Beyond cProfile: Choosing the right tool for performance optimization
Note: This article is based on a talk I gave at PyGotham 2019. You can watch the video here.
Your Python program is too slow. Maybe your web application can’t keep up, or certain queries are taking a long time. Maybe you have a batch program that takes hours or even days to run.
How do you speed up?
The basic process you’re likely to follow is:
- Choose the right tool to measure speed.
- Use the tool to figure out the bottleneck.
- Fix the bottleneck.
This article will focus on the first step: choosing the right tool. And in particular, it will cover:
- cProfile: The Python standard library deterministic profiler.

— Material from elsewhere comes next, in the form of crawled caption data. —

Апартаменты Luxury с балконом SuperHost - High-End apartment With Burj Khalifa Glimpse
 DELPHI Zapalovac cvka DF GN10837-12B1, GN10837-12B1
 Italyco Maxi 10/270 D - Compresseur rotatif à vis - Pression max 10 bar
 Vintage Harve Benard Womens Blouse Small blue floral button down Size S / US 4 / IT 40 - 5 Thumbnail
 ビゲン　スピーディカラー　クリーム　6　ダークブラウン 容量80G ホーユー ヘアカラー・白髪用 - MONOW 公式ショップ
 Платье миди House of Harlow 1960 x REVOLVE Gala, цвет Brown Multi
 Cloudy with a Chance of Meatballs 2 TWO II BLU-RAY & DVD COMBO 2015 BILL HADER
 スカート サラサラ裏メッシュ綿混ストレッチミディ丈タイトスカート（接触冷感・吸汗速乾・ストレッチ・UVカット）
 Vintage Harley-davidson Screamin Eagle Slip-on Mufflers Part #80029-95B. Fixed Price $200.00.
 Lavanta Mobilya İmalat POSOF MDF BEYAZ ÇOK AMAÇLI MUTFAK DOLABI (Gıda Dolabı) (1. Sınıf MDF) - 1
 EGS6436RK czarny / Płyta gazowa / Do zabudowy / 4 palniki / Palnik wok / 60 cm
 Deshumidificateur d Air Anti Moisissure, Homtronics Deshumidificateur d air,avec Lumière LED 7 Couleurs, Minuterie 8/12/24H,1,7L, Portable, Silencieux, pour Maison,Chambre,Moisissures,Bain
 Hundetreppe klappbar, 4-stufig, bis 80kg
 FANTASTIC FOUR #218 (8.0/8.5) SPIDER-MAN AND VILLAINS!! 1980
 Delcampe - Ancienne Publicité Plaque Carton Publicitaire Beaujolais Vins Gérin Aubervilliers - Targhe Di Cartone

- Pyinstrument: A sampling profiler.
- Eliot: A logging library.
I won’t go into a huge amount of detail about how to use these tools, because the goal is to help you choose the right one. But I will explain what these tools do, and when and why you would choose one over the other.
cProfile: A deterministic profiler
The cProfile profiler is built-in to Python, so you’ve probably heard of it, and it may be the default tool you use. It works by tracing every function call in a program. That’s why it’s a deterministic profiler: if you run it with the same inputs it’ll give the same output.
By default cProfile measures process CPU—how much CPU your process has used so far. You should always ask what your profiler is measuring, because different measures can detect different problems. Measuring CPU means you can’t detect slowness caused by other causes, like waiting for a response from a database query.
While cProfile is always available in your Python install, it also has some problems—and as you’ll see, most of the time you don’t want to use it.
Using cProfile is pretty easy. If you have a script you usually run directly like so:
$ python benchmark.py 7855 messages/sec
Then you can just prefix
python -m cProfile to run it under the profiler:
$ python -m cProfile benchmark.py 1444992 function calls (1443814 primitive calls) in 1.208 seconds Ordered by: cumulative time ncalls tottime percall cumtime percall filename:lineno(function) 1 0.000 0.000 1.208 1.208 benchmark.py:7(<module>) 1 0.048 0.048 1.151 1.151 benchmark.py:21(run) 50000 0.031 0.000 0.657 0.000 _output.py:182(write) 50000 0.045 0.000 0.618 0.000 _output.py:73(send) 50000 0.064 0.000 0.566 0.000 _output.py:452(__call__) ... a million more lines of output ...
There’s also a Python profiling API, so you can profile particular functions in a Python interpreter prompt or a Jupyter notebook.
The output format is a table, which isn’t ideal: each row is a function call that ran during the profiled time span, but you don’t know how that function call is related to other function calls. So if you have a function that can be reached from multiple code paths, it can be difficult to figure out which code path was responsible for calling the slow function.
What cProfile can tell you
If you look at the table above, you can see that:
_output.py(__call__)was called 50,000 times. It’s an even number because this is a benchmark script that runs the same code in a loop 10,000 times. If you weren’t deliberately calling a function many times, this can be useful for spotting high number of calls is useful for identifying busy inner loops.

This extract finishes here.